The annual Fort Collins Book Fest was conceived by librarians, writers, book lovers and community members with a simple purpose: to combine the community’s passion for the literary arts and our unique cultural heritage in a celebration of literature, literacy and social conversation.

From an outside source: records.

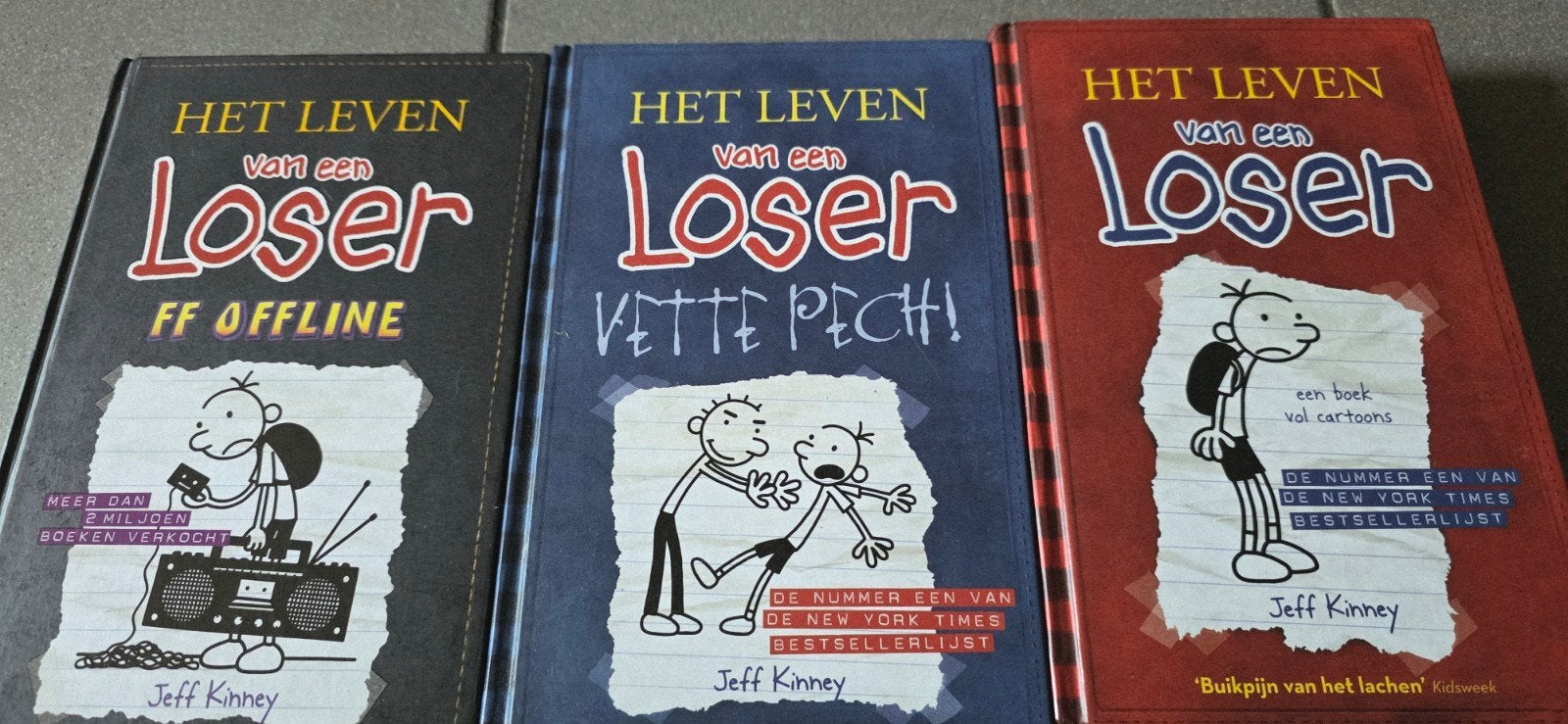 Het leven van een loser, Livres, Humour, Enlèvement, Neuf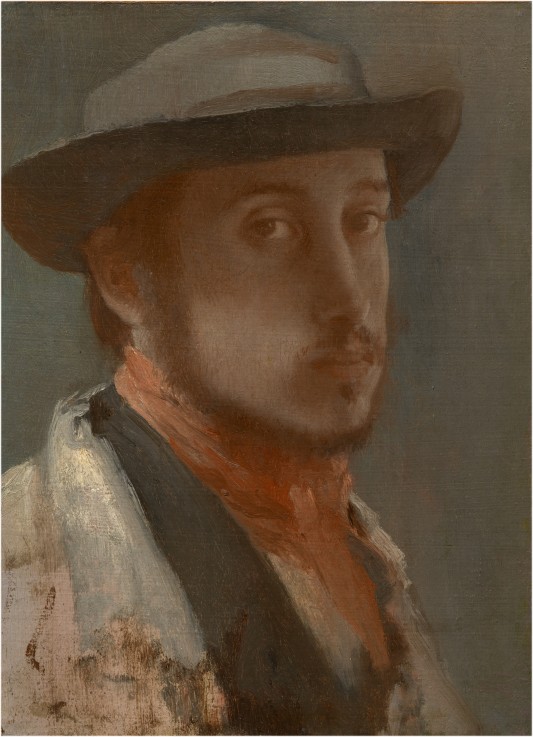 Self-Portrait à Edgar Degas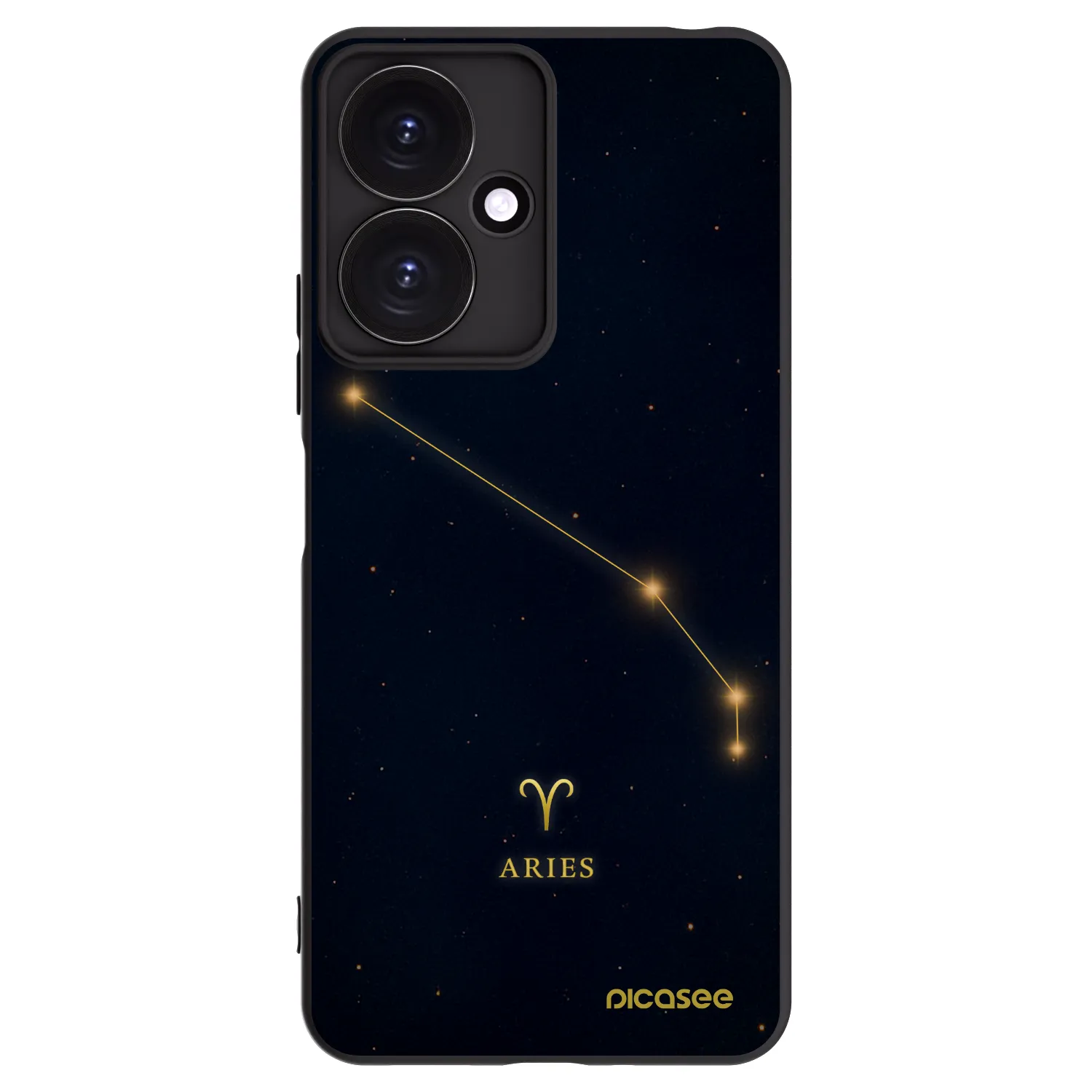 Picasee crna silikonska maskica za Xiaomi Redmi 13C 5G - ARIES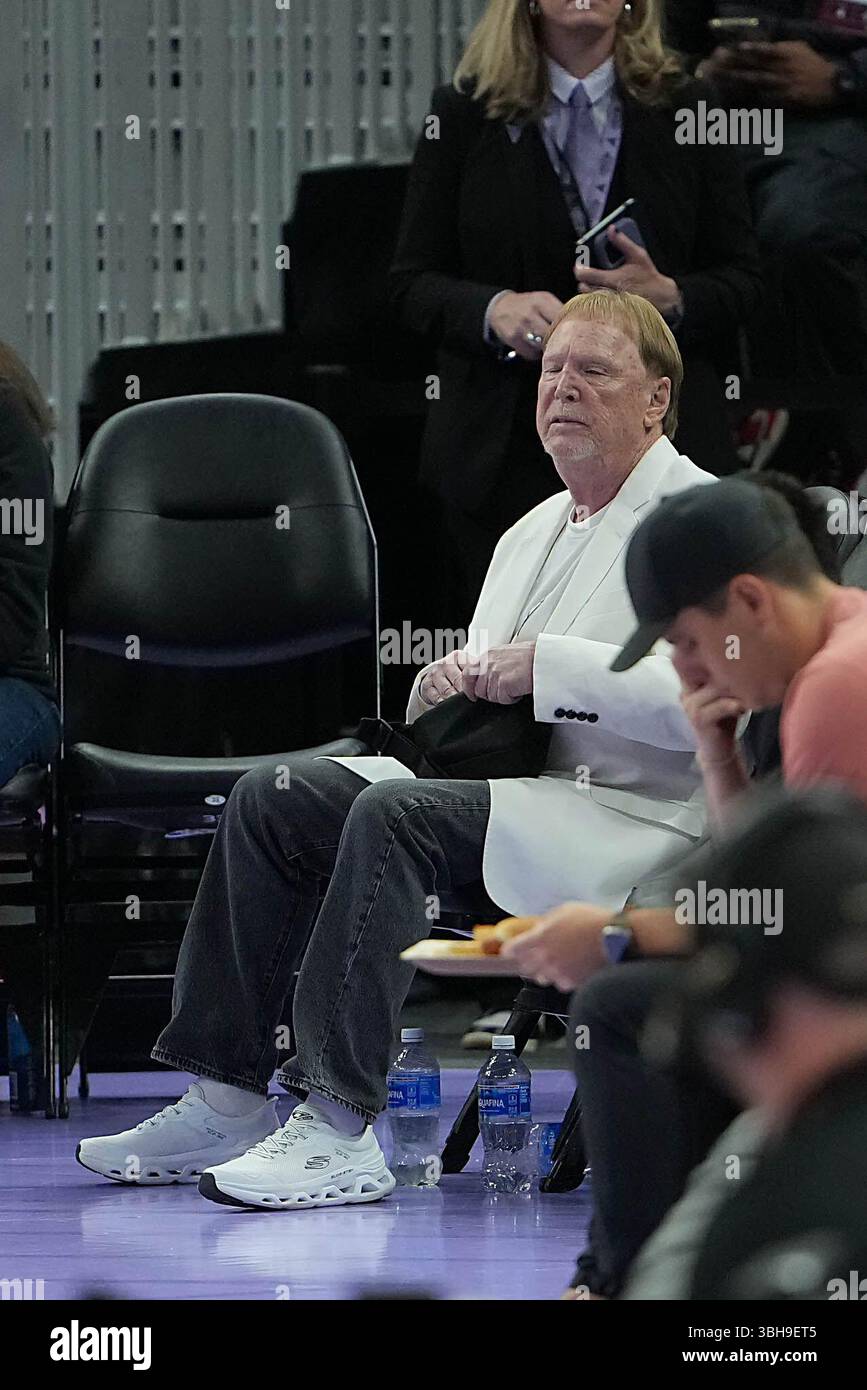 Mark Davis, propriétaire des Aces de Las Vegas, lors du match WNBA contre les Golden State Valkyries au Chase Center, dimanche 7 juin 25, à San Francisco.(photo Gerome Wright/image of Sport). Banque D'Images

Book Fest events featuring CSU faculty and alumni


We Are the West

Feb. 11, 2:30-3:30 p.m. at Mythmaker Brewing, Fort Collins


CSU alumna Maz Bangs
CSU alumna Maz Bangs.

“We are the West: A Colorado Anthology” is a collection of more than 40 literary voices representative of the spirit and experience of the Centennial State. Featuring fiction, nonfiction, essays, poetry and visual art, the anthology is an exciting introduction to the next generation of diverse Colorado storytelling.

In this session, featured Fort Collins writers Maz Bangs, Heather Hein and Sarah Reichert will talk about their own Colorado stories and, in doing so, help us reimagine the character and make-up of the modern West.

Featured CSU Alum: Maz Bangs


Dear Anti-Valentine

Feb. 17, 7-8 p.m., location TBD


Kelly Weber
CSU alumna Kelly Weber.

The poem is often thought to be a form bearing love and romance, but Kelly Weber’s collection “We Are Changed to Deer at the Broken Place” is a book obsessed with sound, with the haunting creak of animals breaking through human bodies, canter and flight. Sex is everywhere in her book – and romance, too. And yet the lived experience Weber captures, aromantic and asexual, are attached to the natural world but refusing expected couplings.

Featured CSU Alum: Kelly Weber (M.F.A., ‘19)


On the Edges & In Between: Identity, Displacement and Belonging

Feb. 18, 2:30-3:30 p.m. at Council Tree Library, Fort Collins

Hear from authors Nazlı Koca (“The Applicant”), Harrison Candelaria Fletcher (“Finding Querencia: Essays from In-Between”) and Nina McConigley (“Cowboys and East Indians), who weave stories and essays on finding identity, belonging and reconciliation in displacement.

Featured CSU Faculty: Harrison Candelaria Fletcher, Department of English, and Nina McConigley, Department of English

Harrison Candelaria Fletcher

CSU Associate Professor Harrison Candelaria Fletcher. 

Nina McConigley

CSU English faculty member Nina McConigley. 


Oh God. Modernity, Myths & (Dis)Belief

Feb. 24, 7-8 p.m. at Snowbank Brewing, Fort Collins


Aby Kaupang
CSU alumna Aby Kaupang.

Sharing tender and uneasy fascinations with faith, John Tipton and Aby Kaupang interrogate, in poetry both mystic and linguistically precise, what lies beneath our inner lives, outer exchanges and responsibilities to one another.  Tipton’s “BELIEVERS AND SEVEN SERMONS FROM THE BACCHAE,” is an idiosyncratic offering of Euripides’ Bacchae interlaced with passages from the Gospel of Mark. Kaupang’s “Radiant Tether” braids the war in Afghanistan, a ponderence of God’s cruel mysteries and love between two people trying to stay alive.